Instructions to follow: Taking the line with "Адский прииск" as the first and the last line of the listing as the final one, please copy exactly those lines and no others, without pictures.

Records shown:
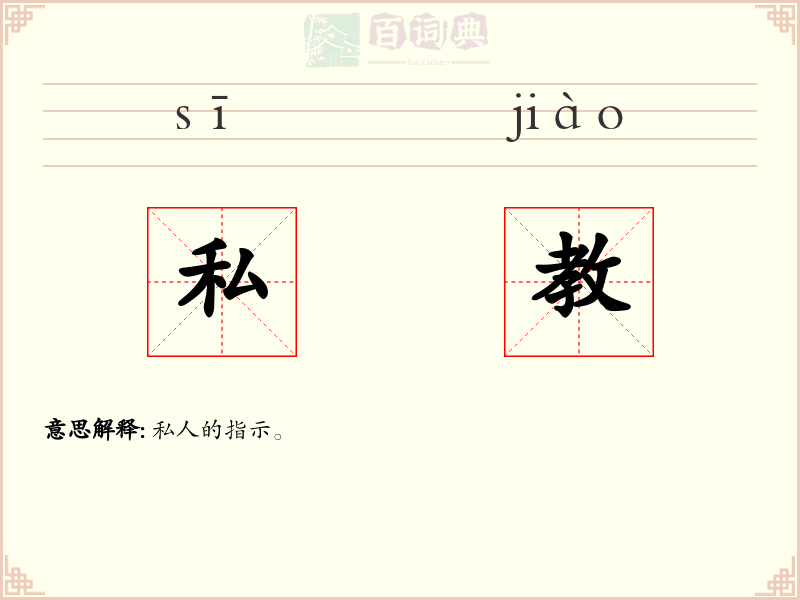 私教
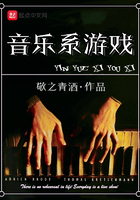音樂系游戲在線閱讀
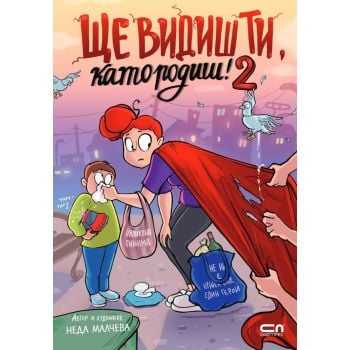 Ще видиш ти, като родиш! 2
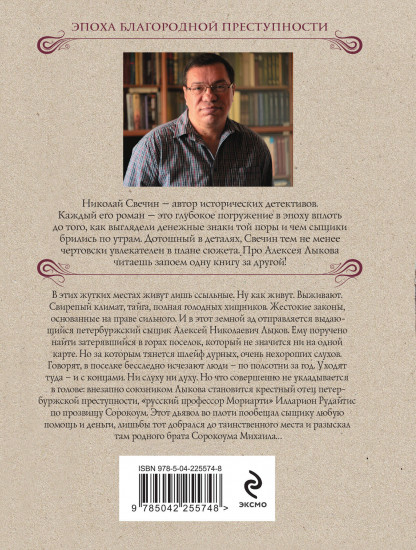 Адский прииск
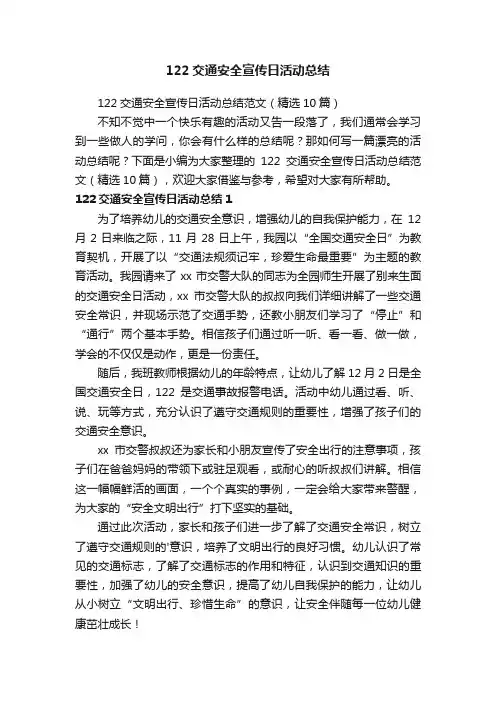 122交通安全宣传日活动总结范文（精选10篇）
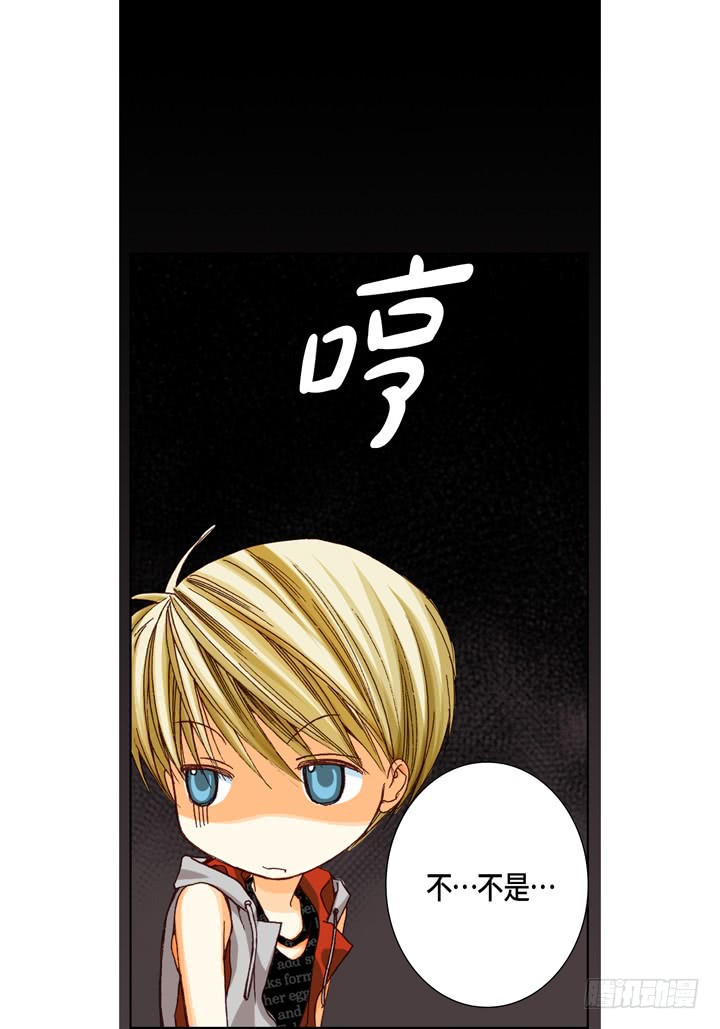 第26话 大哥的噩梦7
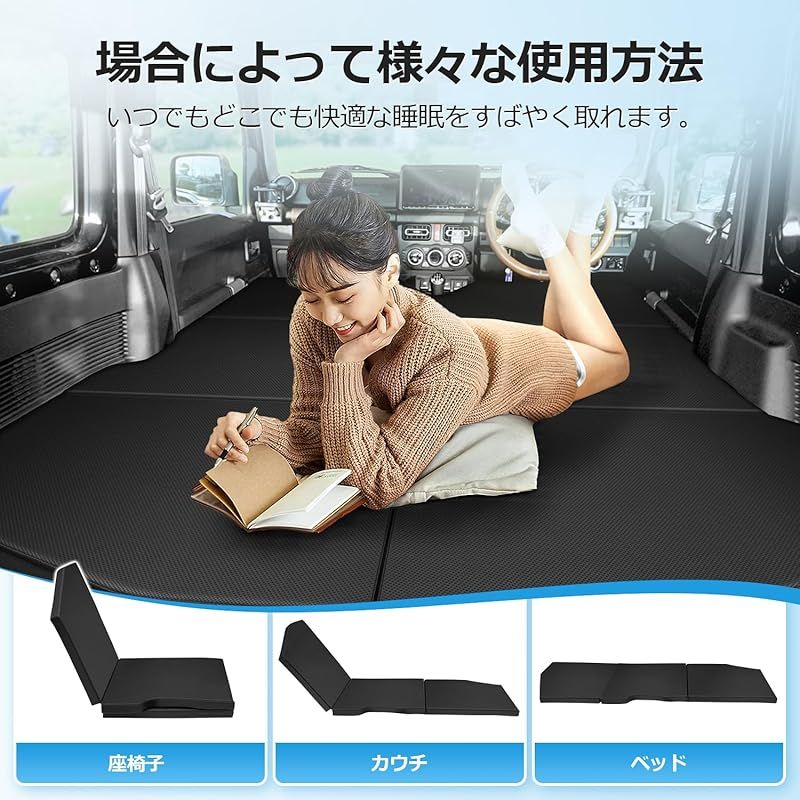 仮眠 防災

Output of the task:
 Адский прииск
 122交通安全宣传日活动总结范文（精选10篇）
 第26话 大哥的噩梦7
 仮眠 防災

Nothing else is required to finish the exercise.